Popović is building a new web-based game, tentatively called Biologic, that will ask players to create new synthetic molecules, an even bigger problem than protein folding. He plans to launch it in April. He also wants to build a game that would create maps of computer programs and ask players to find every security lapse or bug. He even imagines a game to eradicate corruption, he said — it would take all public records in a given country and map all possible connections between them. Players would find all possible feedback loops or payment correlations, which would then be investigated.

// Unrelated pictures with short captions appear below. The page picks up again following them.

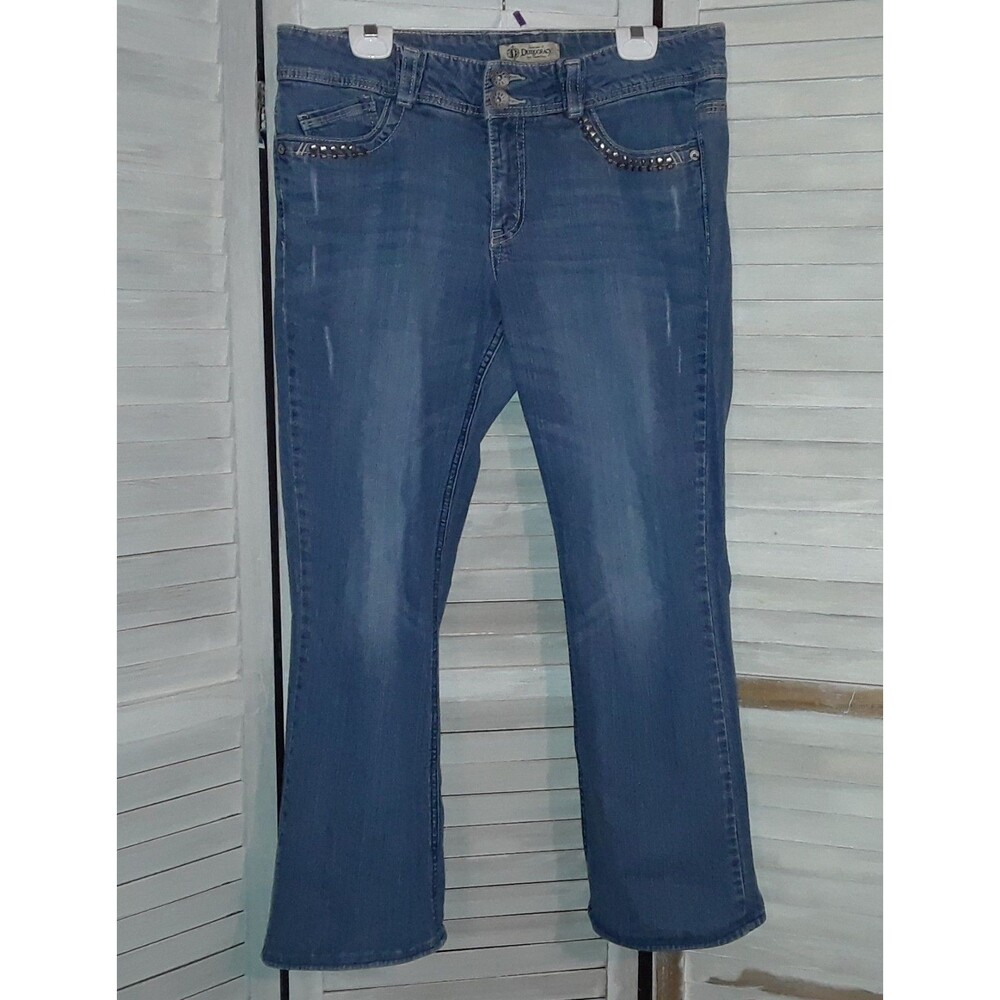 Democracy Jeans Women's Size 14 Stretch High Rise Studs Bootcut Hem Altered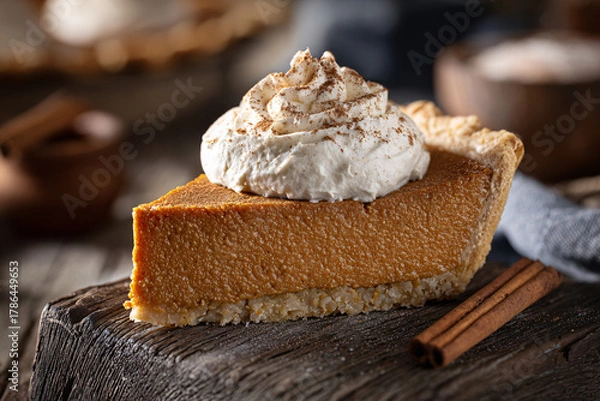 Obraz Slice of pumpkin pie with whipped cream and cinnamon.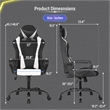 Pemberly Row Faux Leather Gaming Desk Chair in Black and White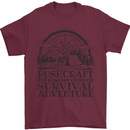 Bushcraft Outdoor Survival Adventure Mens T-Shirt Cotton Gildan Maroon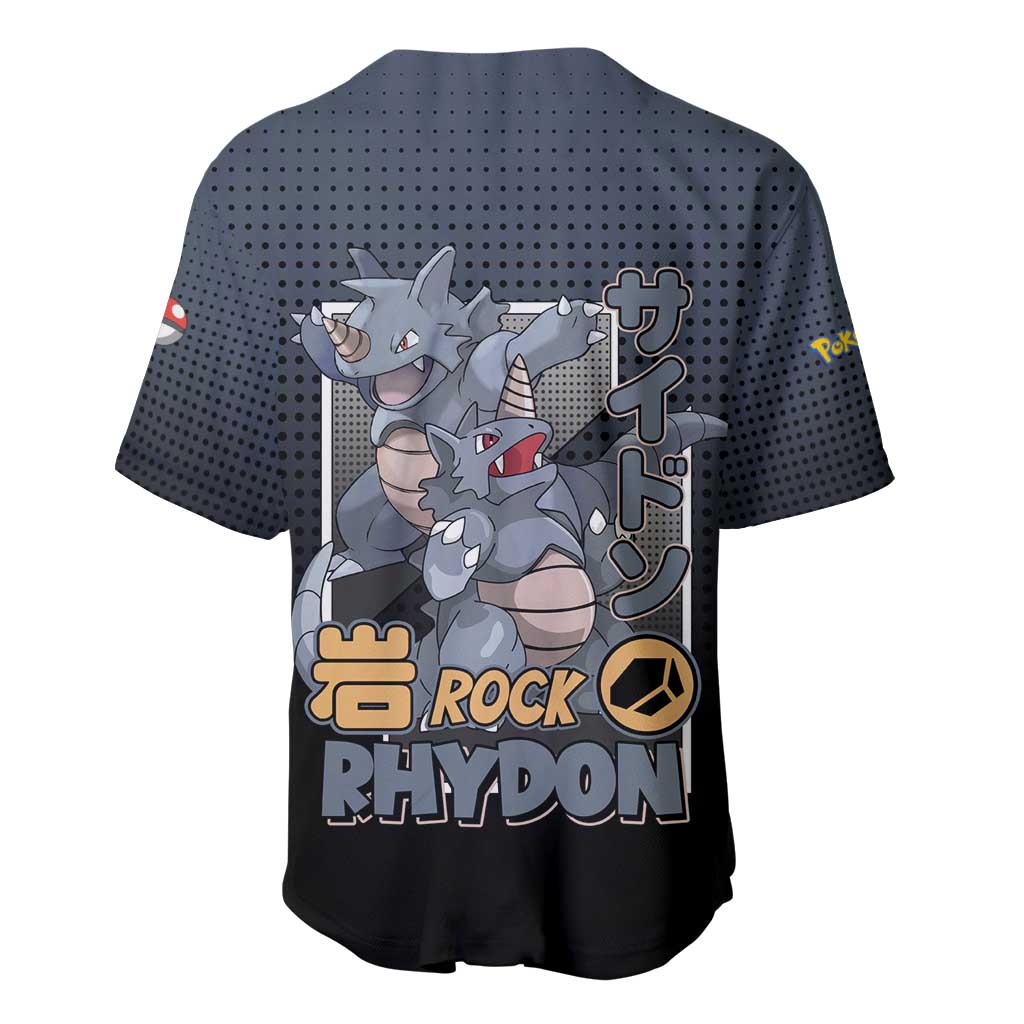 Rhydon Poké Baseball Jersey with Rock Type Icon Design and Battle Ready Pose Print - The Mazicc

“All these whistleblowers would be all over the world, tracking down people who cheat,” he said. ”In general, we are trying to see if we can tackle and solve really hard problems, that computers by themselves cannot solve and people by themselves cannot solve. That’s what’s exciting about games. I don’t think there is anything out there that is capable of keeping people so engaged for so long.”
The trick is convincing hard scientists that making games out of their most pressing problems is a good idea. This is still not easy to do, Treuille admitted.
“The successful games have involved very talented game designers, but also really extraordinarily open-minded and committed hard scientists, who are willing to put yup with people who don’t know what they are talking about, talking about making games out of their research in the vain hopes that someday it will tell them something useful,” he said. “That’s a really adventuresome outlook on the world.”
Let’s face it — some of the tasks, and several of the projects on the Zooniverse, are inherently pretty tedious. But imbued with purpose and scientific meaning, these boring tasks suddenly become interesting; I love the idea of finding exoplanets by myself. And I’m not alone — players lose interest when developers dampen the science, Treuille said. Add incentives like rankings and message boards, and a whole community blossoms.
I started playing EteRNA because I was writing about it, but I don’t plan to stop, at least not for a while. There’s something so satisfying about clicking little dots to make a new chemical bond, locking a virtual molecule into place and earning that trilling harp sound that means you got it right. And if it someday means something real for science — that’ll be the real win.